(Dataset records)
· · · ·

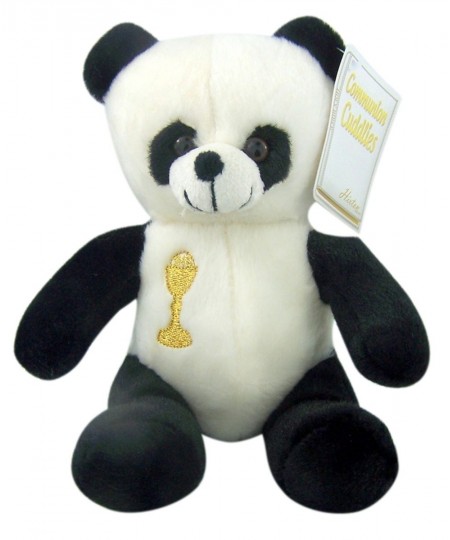 First Communion Plush Panda Bear Stuffed Animal with Embroidered Chalice 6 Inch $29.75 - Stuffed Animals & Teddy Bears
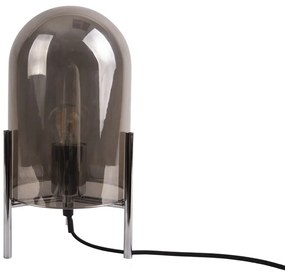 Lampada da tavolo in vetro grigio Vetro Bell - Leitmotiv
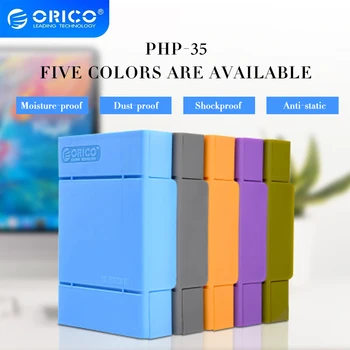 ORICO PHP-35 Коробка для жесткого диска Противоударная Сумка Для Хранения 3,5-Дюймовая Коробка для защиты жесткого диска Защитная крышка с Водонепроницаемой функцией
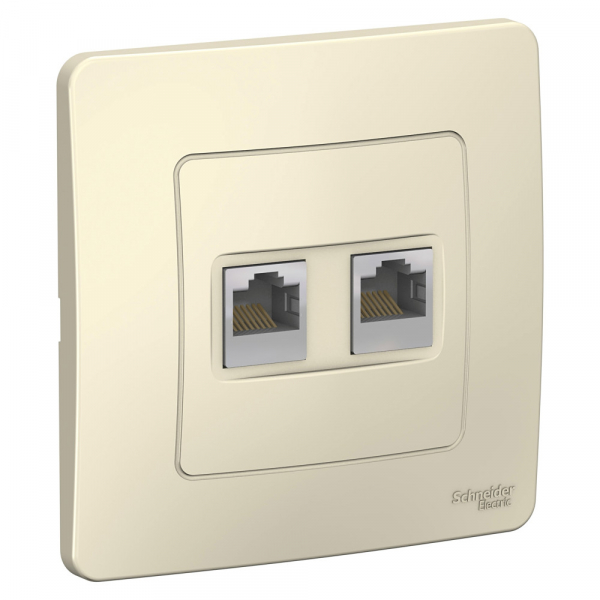 Systeme Electric Blanca внутр Молочная Розетка 2-ая компьютерная RJ45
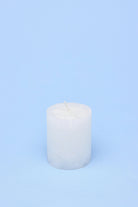 Adelle Pure White Signature Waxwork Pillar Candle in Soft Matte Finish - G Decor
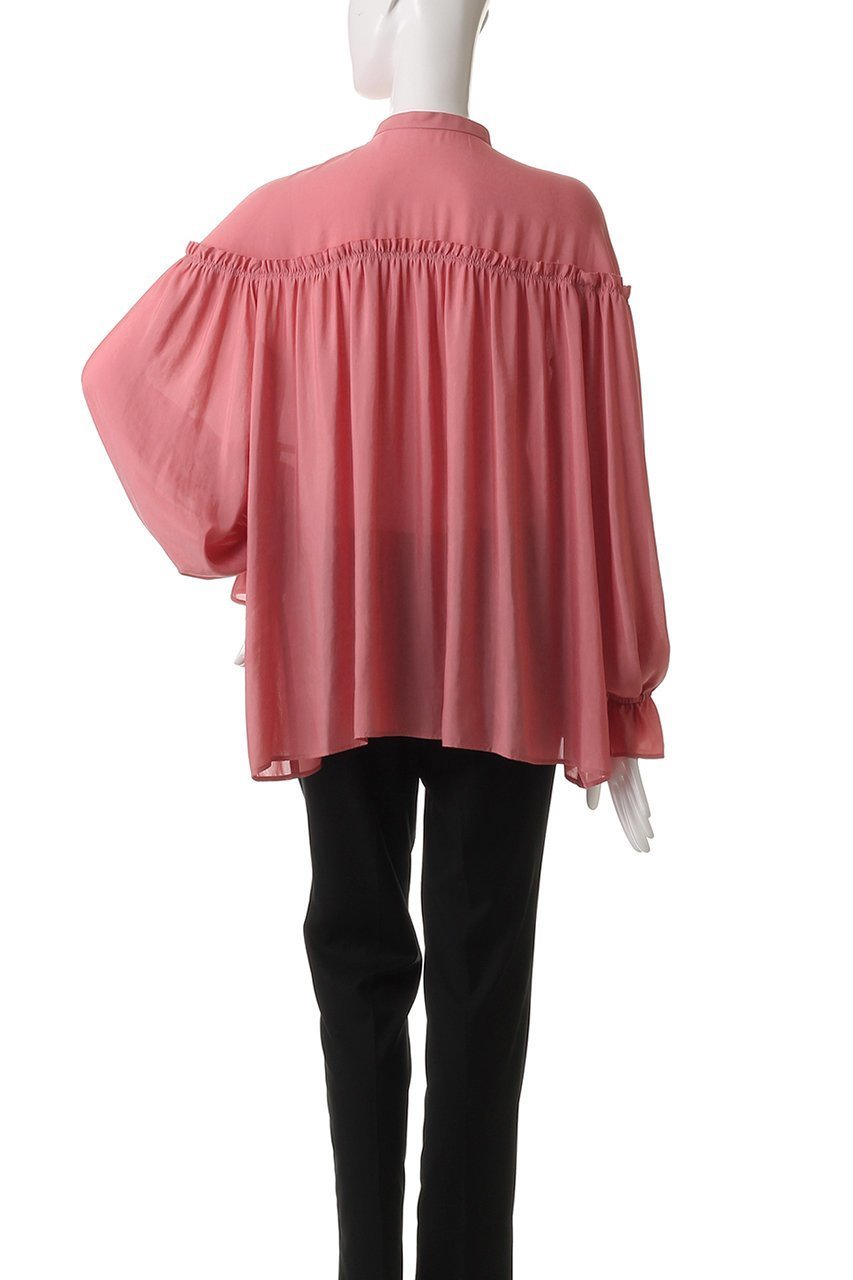 【デザイン ワークス/DESIGN WORKS】のギャザーブラウス 人気、トレンドファッション・服の通販 founy(ファニー) ファッション Fashion レディースファッション Fashion for Women トップス・カットソー Cut & Sew Tops シャツ・ブラウス・オフィスカジュアル Elegant Blouses & Button-Ups ギャザー Gathered, Ruffled スリーブ Sleeve, Long Sleeve / Short Sleeve ドレープ Drape, Draping Fabric フレア Flare, Flared ボトム Bottoms, Lower Wear ロング Long, Long-Length ワイド Wide, Wide Fit エレガント 上品 Elegant other-4|ID: prp329100004493383 ipo3291000000035690413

· · · ·

- _Task_
While skipping the pictures, transcribe the data above from the line showing "Systeme Electric Blanca" through the line showing "Adelle Pure White", exactly and with both ends.

- _Your response_
 Systeme Electric Blanca внутр Молочная Розетка 2-ая компьютерная RJ45
 Adelle Pure White Signature Waxwork Pillar Candle in Soft Matte Finish - G Decor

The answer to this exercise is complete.